3. Create an RSVP List
You’ll likely be charged on a per-person basis by your venue, so you’ll want to have an accurate RSVP list to go off of when planning your event. Give your team the RSVP details many months beforehand, and allow them a few weeks or up to a month to respond. It’s best to keep things stringent with this list and make a strict due-by date for the team to RSVP by.
With an accurate RSVP list, you’ll know exactly how many people are attending your retreat. From there, you can better plan for the venue, activities, and overall cost of the trip.
4. Choose the Right Venue
Choosing the best venue for your retreat will ensure you’re within budget, while also providing a memorable location for the event. While a retreat should certainly be productive, you also want to include downtime for your employees to relax. The venue you choose should uphold both of these factors, providing both a focused and relaxed environment for maximum productivity and relaxation.
The right venue can make all the difference in what gets accomplished and how memorable the retreat is. Company retreats don’t have to be boring or uneventful; with so many venues to choose from, you can find extra-curricular activities that will be fun for everyone. Many retreats include such recreational activities as hiking, canoeing, kayaking, and more.

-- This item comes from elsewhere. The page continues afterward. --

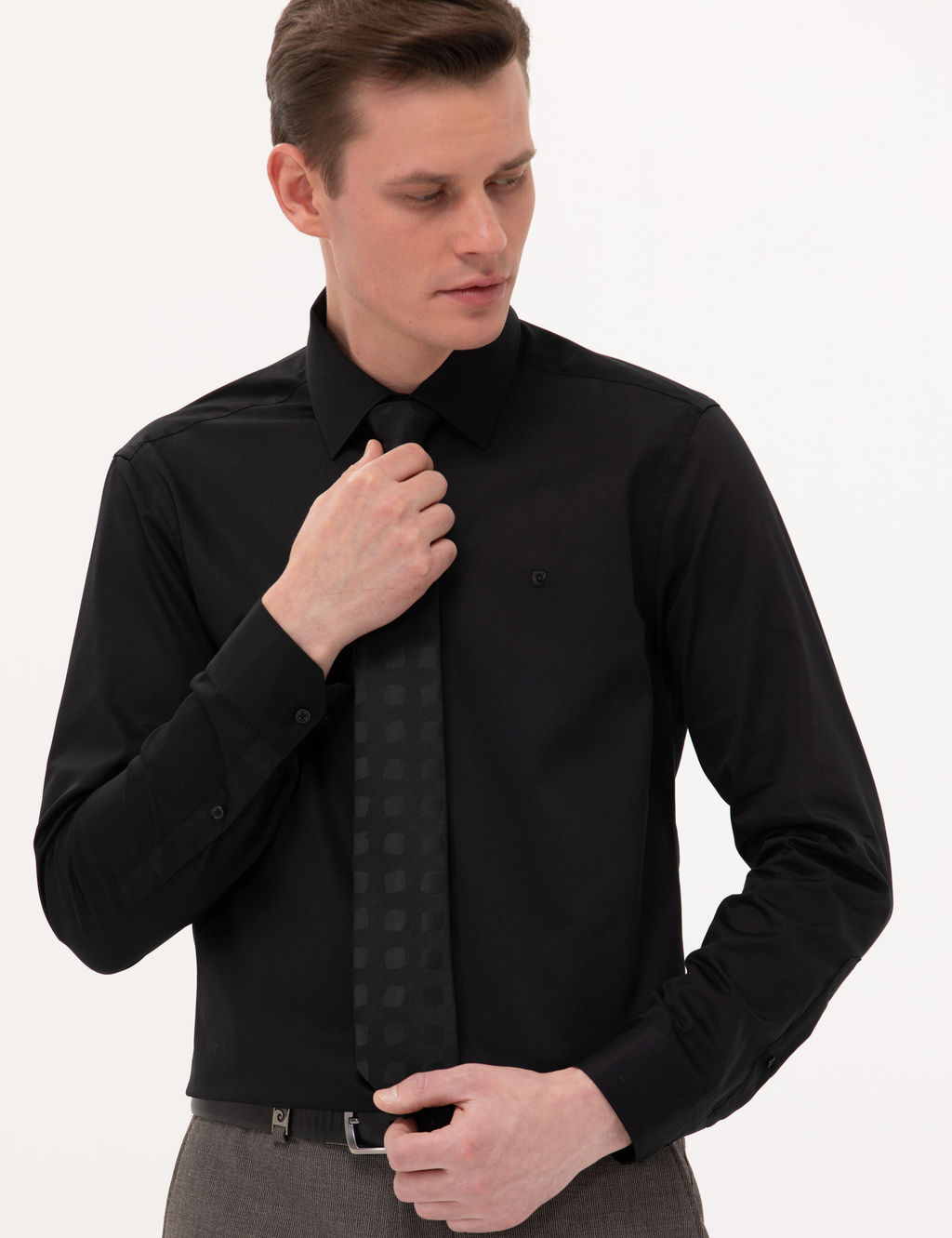 Siyah %100 Pamuk Parlak Saten Slim Fit Uzun Kollu Basic G_mlek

5. Only Make it as Long as it Needs to Be
You probably don’t need your retreat to be longer than a few days. Any longer than that, and the price will skyrocket, and employee retention will plummet. Not to mention, the longer your employees spend away from their posts, the less work gets done.
Three days is a pretty standard time limit for company retreats. It’s just enough time to feel like a mini-vacation, without causing too much conflict in scheduling or productivity. Of course, you can plan your retreats to be as long as you like; just remember, the longer the retreat, the higher the cost.
6. Compare Prices-Always!
Anytime you’re shopping around for a retreat venue, you should always be comparing prices. This is where an event planner can really shine, as they’ll have insider knowledge of venues and when the best prices are available. Prices will vary based on demand and time of year, so it’s important to compare and contrast the amenities and prices of each venue you’re considering.
Your first retreat should be memorable and cost-effective, while still achieving the overall goal that you set out to accomplish in the first place. By hiring expert help, planning ahead of time, and gaining a realistic perspective on the company’s finances, you can choose the right venues and activities to guarantee your first retreat is one that will be talked about for years to come.